#### [Exercise instructions]
Set down, please, exactly the lines below that run from the line with "Used 2024 Chevrolet" to the line with "BRD 5 DM 1978 D, Zum 100", both lines included.

======== Source material

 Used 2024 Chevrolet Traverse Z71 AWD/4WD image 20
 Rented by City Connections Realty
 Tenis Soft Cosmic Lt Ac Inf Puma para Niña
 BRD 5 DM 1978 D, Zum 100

================
======== Source material

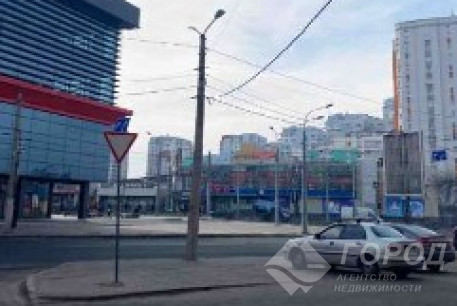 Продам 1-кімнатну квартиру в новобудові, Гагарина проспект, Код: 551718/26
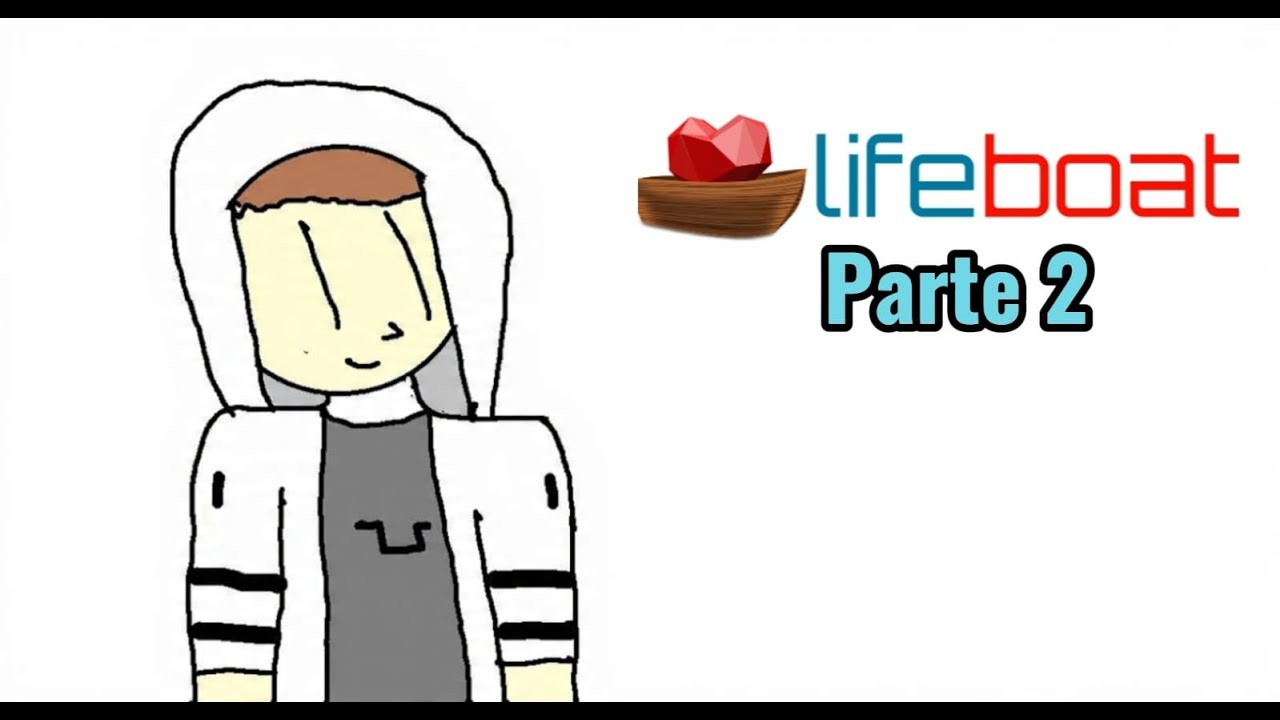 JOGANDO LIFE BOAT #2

================

#### [Worked solution]
 Used 2024 Chevrolet Traverse Z71 AWD/4WD image 20
 Rented by City Connections Realty
 Tenis Soft Cosmic Lt Ac Inf Puma para Niña
 BRD 5 DM 1978 D, Zum 100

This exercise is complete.